▶ WHAT NEEDS TO BE DONE
From the line with "Highfield Private Apartment" through the final line below, restate each line word for word and return nothing else.

[Short web captions]
◆ ◆ ◆ ◆ ◆ ◆ ◆

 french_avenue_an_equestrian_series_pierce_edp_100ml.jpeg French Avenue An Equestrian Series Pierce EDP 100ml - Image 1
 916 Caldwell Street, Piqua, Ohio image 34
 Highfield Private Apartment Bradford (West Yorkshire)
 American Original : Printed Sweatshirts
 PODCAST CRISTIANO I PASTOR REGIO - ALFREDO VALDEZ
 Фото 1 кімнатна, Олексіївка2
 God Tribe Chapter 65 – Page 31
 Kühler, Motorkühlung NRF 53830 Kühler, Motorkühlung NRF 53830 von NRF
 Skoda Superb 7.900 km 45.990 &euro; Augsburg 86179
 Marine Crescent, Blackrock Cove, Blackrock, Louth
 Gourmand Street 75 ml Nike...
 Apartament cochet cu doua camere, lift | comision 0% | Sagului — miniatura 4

◆ ◆ ◆ ◆ ◆ ◆ ◆

▶ OUTPUT OF THE TASK
 Highfield Private Apartment Bradford (West Yorkshire)
 American Original : Printed Sweatshirts
 PODCAST CRISTIANO I PASTOR REGIO - ALFREDO VALDEZ
 Фото 1 кімнатна, Олексіївка2
 God Tribe Chapter 65 – Page 31
 Kühler, Motorkühlung NRF 53830 Kühler, Motorkühlung NRF 53830 von NRF
 Skoda Superb 7.900 km 45.990 &euro; Augsburg 86179
 Marine Crescent, Blackrock Cove, Blackrock, Louth
 Gourmand Street 75 ml Nike...
 Apartament cochet cu doua camere, lift | comision 0% | Sagului — miniatura 4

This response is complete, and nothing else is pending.